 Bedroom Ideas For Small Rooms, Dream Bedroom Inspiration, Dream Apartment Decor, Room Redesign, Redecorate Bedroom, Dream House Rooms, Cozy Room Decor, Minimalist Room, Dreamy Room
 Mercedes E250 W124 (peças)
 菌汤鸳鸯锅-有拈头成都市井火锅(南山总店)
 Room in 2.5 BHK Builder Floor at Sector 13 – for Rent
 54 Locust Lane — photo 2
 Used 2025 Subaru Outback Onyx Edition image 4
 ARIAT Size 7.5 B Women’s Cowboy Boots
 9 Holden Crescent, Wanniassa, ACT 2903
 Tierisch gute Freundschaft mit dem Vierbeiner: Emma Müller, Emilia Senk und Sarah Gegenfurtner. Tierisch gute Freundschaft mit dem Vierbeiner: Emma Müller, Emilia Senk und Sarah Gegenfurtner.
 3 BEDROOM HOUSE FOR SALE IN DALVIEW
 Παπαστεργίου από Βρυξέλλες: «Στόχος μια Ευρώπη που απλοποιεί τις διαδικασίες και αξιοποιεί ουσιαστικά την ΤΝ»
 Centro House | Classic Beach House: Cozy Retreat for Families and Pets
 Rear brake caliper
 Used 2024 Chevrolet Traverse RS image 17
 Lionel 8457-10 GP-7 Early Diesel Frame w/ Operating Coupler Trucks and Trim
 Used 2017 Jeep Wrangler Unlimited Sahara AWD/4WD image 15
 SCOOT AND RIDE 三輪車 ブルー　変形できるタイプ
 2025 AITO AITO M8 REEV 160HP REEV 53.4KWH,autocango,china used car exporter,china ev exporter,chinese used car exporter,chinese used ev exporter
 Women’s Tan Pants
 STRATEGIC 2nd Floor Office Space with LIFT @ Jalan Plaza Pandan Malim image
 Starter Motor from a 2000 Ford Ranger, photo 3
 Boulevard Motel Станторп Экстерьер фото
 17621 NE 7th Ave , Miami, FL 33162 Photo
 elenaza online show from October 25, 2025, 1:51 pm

==========

TASK TO COMPLETE -> Copy every line in the listing above where the string "image" turns up.

SOLUTION TO THIS PROBLEM ->
 Used 2025 Subaru Outback Onyx Edition image 4
 Used 2024 Chevrolet Traverse RS image 17
 Used 2017 Jeep Wrangler Unlimited Sahara AWD/4WD image 15
 STRATEGIC 2nd Floor Office Space with LIFT @ Jalan Plaza Pandan Malim image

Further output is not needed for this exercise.